══ Data for this task ══
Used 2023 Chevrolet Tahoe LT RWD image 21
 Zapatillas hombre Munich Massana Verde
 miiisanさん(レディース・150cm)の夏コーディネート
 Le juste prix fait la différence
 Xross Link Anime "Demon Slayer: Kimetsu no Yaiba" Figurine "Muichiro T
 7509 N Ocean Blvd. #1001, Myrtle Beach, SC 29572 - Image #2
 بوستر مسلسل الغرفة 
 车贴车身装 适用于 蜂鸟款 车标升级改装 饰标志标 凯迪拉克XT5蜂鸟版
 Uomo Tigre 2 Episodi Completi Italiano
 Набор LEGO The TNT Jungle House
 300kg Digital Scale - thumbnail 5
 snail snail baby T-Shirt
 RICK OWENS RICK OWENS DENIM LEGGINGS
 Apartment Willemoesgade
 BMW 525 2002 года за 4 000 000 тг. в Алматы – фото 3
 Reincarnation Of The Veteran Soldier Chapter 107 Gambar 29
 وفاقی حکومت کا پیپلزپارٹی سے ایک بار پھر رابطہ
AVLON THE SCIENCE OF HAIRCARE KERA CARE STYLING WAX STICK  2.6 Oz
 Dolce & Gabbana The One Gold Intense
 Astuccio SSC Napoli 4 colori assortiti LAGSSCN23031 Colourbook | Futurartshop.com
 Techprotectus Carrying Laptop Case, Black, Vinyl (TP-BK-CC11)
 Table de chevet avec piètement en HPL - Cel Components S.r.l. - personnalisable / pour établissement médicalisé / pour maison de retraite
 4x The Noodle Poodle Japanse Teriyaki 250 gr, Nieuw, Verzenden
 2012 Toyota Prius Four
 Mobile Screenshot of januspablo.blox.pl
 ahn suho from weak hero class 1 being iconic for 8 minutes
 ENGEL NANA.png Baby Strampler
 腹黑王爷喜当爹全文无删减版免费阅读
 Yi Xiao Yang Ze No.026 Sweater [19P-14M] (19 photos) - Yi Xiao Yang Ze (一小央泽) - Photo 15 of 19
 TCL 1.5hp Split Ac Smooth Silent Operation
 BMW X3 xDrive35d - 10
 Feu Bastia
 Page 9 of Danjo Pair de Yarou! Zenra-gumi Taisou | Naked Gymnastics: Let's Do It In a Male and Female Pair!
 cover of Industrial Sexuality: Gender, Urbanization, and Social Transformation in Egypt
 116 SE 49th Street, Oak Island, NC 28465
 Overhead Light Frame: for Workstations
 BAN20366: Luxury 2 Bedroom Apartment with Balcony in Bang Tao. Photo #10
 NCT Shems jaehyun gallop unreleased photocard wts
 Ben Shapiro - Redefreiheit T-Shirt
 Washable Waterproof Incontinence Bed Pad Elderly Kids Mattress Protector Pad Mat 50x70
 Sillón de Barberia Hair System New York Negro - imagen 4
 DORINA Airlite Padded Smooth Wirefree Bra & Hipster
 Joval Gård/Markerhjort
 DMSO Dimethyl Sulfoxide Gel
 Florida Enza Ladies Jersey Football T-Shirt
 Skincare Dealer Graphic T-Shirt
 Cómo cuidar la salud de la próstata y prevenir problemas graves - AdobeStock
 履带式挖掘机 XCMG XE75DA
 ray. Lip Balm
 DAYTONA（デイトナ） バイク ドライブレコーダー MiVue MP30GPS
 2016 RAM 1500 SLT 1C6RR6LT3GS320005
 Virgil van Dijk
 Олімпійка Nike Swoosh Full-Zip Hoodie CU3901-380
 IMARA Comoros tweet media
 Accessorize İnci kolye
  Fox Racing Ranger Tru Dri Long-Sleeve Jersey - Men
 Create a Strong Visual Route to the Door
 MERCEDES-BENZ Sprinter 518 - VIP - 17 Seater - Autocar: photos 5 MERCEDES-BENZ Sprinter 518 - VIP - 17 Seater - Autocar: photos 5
═══
*Work instruction*. Repeat all of the entries exactly.

*Solution*.
Used 2023 Chevrolet Tahoe LT RWD image 21
 Zapatillas hombre Munich Massana Verde
 miiisanさん(レディース・150cm)の夏コーディネート
 Le juste prix fait la différence
 Xross Link Anime "Demon Slayer: Kimetsu no Yaiba" Figurine "Muichiro T
 7509 N Ocean Blvd. #1001, Myrtle Beach, SC 29572 - Image #2
 بوستر مسلسل الغرفة 
 车贴车身装 适用于 蜂鸟款 车标升级改装 饰标志标 凯迪拉克XT5蜂鸟版
 Uomo Tigre 2 Episodi Completi Italiano
 Набор LEGO The TNT Jungle House
 300kg Digital Scale - thumbnail 5
 snail snail baby T-Shirt
 RICK OWENS RICK OWENS DENIM LEGGINGS
 Apartment Willemoesgade
 BMW 525 2002 года за 4 000 000 тг. в Алматы – фото 3
 Reincarnation Of The Veteran Soldier Chapter 107 Gambar 29
 وفاقی حکومت کا پیپلزپارٹی سے ایک بار پھر رابطہ
AVLON THE SCIENCE OF HAIRCARE KERA CARE STYLING WAX STICK  2.6 Oz
 Dolce & Gabbana The One Gold Intense
 Astuccio SSC Napoli 4 colori assortiti LAGSSCN23031 Colourbook | Futurartshop.com
 Techprotectus Carrying Laptop Case, Black, Vinyl (TP-BK-CC11)
 Table de chevet avec piètement en HPL - Cel Components S.r.l. - personnalisable / pour établissement médicalisé / pour maison de retraite
 4x The Noodle Poodle Japanse Teriyaki 250 gr, Nieuw, Verzenden
 2012 Toyota Prius Four
 Mobile Screenshot of januspablo.blox.pl
 ahn suho from weak hero class 1 being iconic for 8 minutes
 ENGEL NANA.png Baby Strampler
 腹黑王爷喜当爹全文无删减版免费阅读
 Yi Xiao Yang Ze No.026 Sweater [19P-14M] (19 photos) - Yi Xiao Yang Ze (一小央泽) - Photo 15 of 19
 TCL 1.5hp Split Ac Smooth Silent Operation
 BMW X3 xDrive35d - 10
 Feu Bastia
 Page 9 of Danjo Pair de Yarou! Zenra-gumi Taisou | Naked Gymnastics: Let's Do It In a Male and Female Pair!
 cover of Industrial Sexuality: Gender, Urbanization, and Social Transformation in Egypt
 116 SE 49th Street, Oak Island, NC 28465
 Overhead Light Frame: for Workstations
 BAN20366: Luxury 2 Bedroom Apartment with Balcony in Bang Tao. Photo #10
 NCT Shems jaehyun gallop unreleased photocard wts
 Ben Shapiro - Redefreiheit T-Shirt
 Washable Waterproof Incontinence Bed Pad Elderly Kids Mattress Protector Pad Mat 50x70
 Sillón de Barberia Hair System New York Negro - imagen 4
 DORINA Airlite Padded Smooth Wirefree Bra & Hipster
 Joval Gård/Markerhjort
 DMSO Dimethyl Sulfoxide Gel
 Florida Enza Ladies Jersey Football T-Shirt
 Skincare Dealer Graphic T-Shirt
 Cómo cuidar la salud de la próstata y prevenir problemas graves - AdobeStock
 履带式挖掘机 XCMG XE75DA
 ray. Lip Balm
 DAYTONA（デイトナ） バイク ドライブレコーダー MiVue MP30GPS
 2016 RAM 1500 SLT 1C6RR6LT3GS320005
 Virgil van Dijk
 Олімпійка Nike Swoosh Full-Zip Hoodie CU3901-380
 IMARA Comoros tweet media
 Accessorize İnci kolye
  Fox Racing Ranger Tru Dri Long-Sleeve Jersey - Men
 Create a Strong Visual Route to the Door
 MERCEDES-BENZ Sprinter 518 - VIP - 17 Seater - Autocar: photos 5 MERCEDES-BENZ Sprinter 518 - VIP - 17 Seater - Autocar: photos 5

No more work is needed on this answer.